To: EL KABONG!!! who wrote (462)4/12/2004 6:07:02 PM
From: The Philosopher  Read Replies (1) | Respond to of 469
 
My investment club used to own JNJ before we closed shop permanently. We had sold them at around 55 or so, back in 2001. We used the proceeds to buy Pfizer (PFE). Neither stock has been a real good performer since then. JNJ is currently selling for less than what we sold for over 2 years ago now. And PFE is up only 10%, give or take, in the same time frame. The price of JNJ stock has been pretty much range-bound since late 2000.

Which means, given that it has been growing sales all that time, that when it does break out it will do so nicely. I hope!

Priority Healthcare... Interesting company... Fantastic numbers as projected by Value Line... I like them at or under $19. If you decide to buy, let the thread know so we can front-run you on the stock... <ggg>

Better you short them -- it seems that my decision to enter an order is a guarantee that the stock price will drop!

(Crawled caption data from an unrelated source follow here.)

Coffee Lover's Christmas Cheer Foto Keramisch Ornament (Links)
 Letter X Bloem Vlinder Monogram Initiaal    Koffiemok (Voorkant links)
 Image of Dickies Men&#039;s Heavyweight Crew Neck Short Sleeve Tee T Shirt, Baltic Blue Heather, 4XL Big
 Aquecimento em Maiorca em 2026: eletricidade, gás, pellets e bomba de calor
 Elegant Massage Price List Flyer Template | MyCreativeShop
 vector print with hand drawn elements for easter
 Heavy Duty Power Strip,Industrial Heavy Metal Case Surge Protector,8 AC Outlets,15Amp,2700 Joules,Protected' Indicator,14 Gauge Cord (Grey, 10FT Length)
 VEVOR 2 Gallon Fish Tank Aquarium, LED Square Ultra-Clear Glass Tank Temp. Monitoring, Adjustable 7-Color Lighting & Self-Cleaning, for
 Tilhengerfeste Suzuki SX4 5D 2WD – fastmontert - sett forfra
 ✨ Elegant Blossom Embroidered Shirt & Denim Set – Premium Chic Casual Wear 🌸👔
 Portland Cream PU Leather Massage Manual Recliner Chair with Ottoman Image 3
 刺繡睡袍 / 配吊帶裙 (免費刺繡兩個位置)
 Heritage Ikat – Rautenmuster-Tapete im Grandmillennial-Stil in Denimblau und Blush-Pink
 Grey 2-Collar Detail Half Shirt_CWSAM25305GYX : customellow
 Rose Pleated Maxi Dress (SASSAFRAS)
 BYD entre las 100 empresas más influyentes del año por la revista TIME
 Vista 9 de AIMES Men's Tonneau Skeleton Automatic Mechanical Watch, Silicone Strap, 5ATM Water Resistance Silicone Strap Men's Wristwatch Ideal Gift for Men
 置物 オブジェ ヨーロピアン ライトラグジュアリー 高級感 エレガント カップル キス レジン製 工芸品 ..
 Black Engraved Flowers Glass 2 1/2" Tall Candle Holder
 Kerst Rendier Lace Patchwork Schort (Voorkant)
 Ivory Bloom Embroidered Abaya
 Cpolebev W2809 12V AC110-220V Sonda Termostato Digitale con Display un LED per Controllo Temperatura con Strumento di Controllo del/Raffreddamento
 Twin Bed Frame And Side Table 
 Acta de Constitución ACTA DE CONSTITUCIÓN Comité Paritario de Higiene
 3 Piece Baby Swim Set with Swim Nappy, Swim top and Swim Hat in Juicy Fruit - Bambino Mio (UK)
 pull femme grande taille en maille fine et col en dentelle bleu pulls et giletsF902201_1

To: EL KABONG!!! who wrote (462)4/15/2004 4:04:09 PM
From: - with a K  Respond to of 469
 
ACS Yahoo post:

From Goldman Sachs
by: moralcare 04/15/04 02:09 pm
Msg: 4777 of 4777

Case for outperformance of Affiliated Computer Services shares strengthening
04/15/04 8:05am ET

We reiterate our Outperform rating on Affiliated Computer Services, Inc. (OP/A) within the context of an Attractive coverage view and see the shares as the most attractive in our coverage universe. Although they have performed well recently, we believe that the shares could be poised to break out of their trading range for the following reasons:

*We estimate the company's earnings power for fiscal 2005 at roughly $3.20, considerably above the $3.06 consensus estimate. The shares should benefit as estimates rise.

*Recent contract signings are sufficient to meet near-term estimates, with better renewal rates and lower price concessions on renewals adding an extra boost.

*Bookings growth should return to positive territory in the current June quarter, helping investor sentiment.

*The problem contracts in Georgia and Florida aren't hurting bookings as some feared, with the company announcing new wins in similar areas in recent weeks.

*An expansion in the share buyback could add $0.04 to as much as $0.20 to fiscal-2005 EPS.

*The P/E is 15% below the historical average.